The S&P’s statement harkened back to August 2011, when the agency slashed its rating of the U.S. government’s debt because Congress was in a heated battle on raising government spending limits. The downgrade, an embarrassment to the U.S., also sent the stock market into a tailspin. The Dow plunged 634 points on the first trading day after the downgrade. The market had triple-digit swings throughout that fall.
On Monday, S&P upgraded its outlook on the U.S. debt rating to “Stable” from “Negative.” That doesn’t restore the U.S. government’s top-shelf credit rating, but it does mean that S&P is unlikely to cut the rating again in the near future.
S&P cited the Federal Reserve’s willingness to keep interest rates low, which is meant to spur borrowing and spending, and its bond purchasing program, which is meant to encourage investors to buy stocks and other riskier assets. S&P also noted approvingly that Congress had agreed to raise some taxes this year, notably the Social Security tax that most workers pay, which has helped shrink the government’s budget deficit.

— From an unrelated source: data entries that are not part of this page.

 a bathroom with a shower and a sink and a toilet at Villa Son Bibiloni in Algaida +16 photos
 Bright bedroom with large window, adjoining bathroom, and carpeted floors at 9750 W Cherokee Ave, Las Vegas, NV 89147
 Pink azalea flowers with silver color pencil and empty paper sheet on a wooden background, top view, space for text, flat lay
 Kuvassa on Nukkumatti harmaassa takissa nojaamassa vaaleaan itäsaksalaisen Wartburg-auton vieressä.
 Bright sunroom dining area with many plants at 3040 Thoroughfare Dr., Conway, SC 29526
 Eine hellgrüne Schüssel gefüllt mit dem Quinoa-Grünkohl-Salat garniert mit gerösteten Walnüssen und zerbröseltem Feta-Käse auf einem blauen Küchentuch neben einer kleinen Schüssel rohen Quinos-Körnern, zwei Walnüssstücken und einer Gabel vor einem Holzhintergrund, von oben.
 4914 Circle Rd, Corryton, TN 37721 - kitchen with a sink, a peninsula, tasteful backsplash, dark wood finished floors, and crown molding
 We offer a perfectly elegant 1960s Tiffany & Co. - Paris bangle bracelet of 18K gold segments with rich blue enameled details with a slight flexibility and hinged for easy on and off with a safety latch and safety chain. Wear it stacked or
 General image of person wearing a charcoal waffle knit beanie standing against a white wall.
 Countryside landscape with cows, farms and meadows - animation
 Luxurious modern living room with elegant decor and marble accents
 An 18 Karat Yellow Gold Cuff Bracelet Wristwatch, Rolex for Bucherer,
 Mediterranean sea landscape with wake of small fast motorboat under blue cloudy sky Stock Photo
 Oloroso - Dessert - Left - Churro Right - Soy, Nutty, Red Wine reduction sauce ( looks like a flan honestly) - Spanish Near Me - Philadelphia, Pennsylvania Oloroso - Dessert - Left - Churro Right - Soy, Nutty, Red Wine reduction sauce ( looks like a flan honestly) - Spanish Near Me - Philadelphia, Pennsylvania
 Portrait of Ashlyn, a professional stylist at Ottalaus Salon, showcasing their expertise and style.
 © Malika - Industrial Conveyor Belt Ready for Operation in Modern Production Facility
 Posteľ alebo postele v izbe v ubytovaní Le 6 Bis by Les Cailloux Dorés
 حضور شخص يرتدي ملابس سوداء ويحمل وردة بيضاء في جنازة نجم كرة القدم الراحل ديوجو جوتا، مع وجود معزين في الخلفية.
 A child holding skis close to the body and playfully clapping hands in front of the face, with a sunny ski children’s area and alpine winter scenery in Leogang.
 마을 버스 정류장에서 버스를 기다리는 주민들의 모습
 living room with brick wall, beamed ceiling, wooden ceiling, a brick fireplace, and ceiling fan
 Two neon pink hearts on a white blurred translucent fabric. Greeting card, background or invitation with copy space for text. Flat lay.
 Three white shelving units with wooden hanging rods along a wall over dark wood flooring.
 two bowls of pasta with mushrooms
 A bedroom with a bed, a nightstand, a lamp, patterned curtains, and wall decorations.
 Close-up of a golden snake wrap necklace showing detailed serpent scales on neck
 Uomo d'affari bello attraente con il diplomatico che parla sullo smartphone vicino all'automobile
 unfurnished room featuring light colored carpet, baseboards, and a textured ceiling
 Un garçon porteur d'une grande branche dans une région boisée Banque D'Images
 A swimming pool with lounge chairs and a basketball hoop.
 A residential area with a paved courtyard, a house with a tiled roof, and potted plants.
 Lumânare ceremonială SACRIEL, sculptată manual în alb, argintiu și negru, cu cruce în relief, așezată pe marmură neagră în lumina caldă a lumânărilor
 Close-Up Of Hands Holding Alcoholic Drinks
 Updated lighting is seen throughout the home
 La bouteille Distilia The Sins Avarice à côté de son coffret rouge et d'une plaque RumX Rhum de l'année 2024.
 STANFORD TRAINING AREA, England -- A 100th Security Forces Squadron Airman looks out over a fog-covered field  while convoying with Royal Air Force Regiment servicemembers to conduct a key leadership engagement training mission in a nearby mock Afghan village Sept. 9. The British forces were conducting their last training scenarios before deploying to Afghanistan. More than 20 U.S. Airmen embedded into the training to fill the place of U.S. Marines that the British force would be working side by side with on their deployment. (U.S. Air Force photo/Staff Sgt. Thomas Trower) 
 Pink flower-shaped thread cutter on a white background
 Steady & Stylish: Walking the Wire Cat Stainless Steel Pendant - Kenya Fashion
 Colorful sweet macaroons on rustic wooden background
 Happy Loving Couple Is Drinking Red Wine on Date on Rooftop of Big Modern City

The reaction from investors was a far cry from two summers ago. Some doubted the S&P’s assessment that the economy is improving, and said the Fed is only artificially propping it up.
Ed Butowsky, managing partner of Chapwood Investments in Dallas, said that the unemployment rate is still too high, economic growth too weak and the government’s budget deficit too heavy for the economy to be considered healthy.
The Dow closed down 9.53 points at 15,238.59, a loss of 0.06 percent. The S&P 500 index was essentially flat, falling 0.57 point to 1,642.81, or 0.03 percent. The Nasdaq composite edged up 4.55 points to 3,473.77, a gain of 0.1 percent.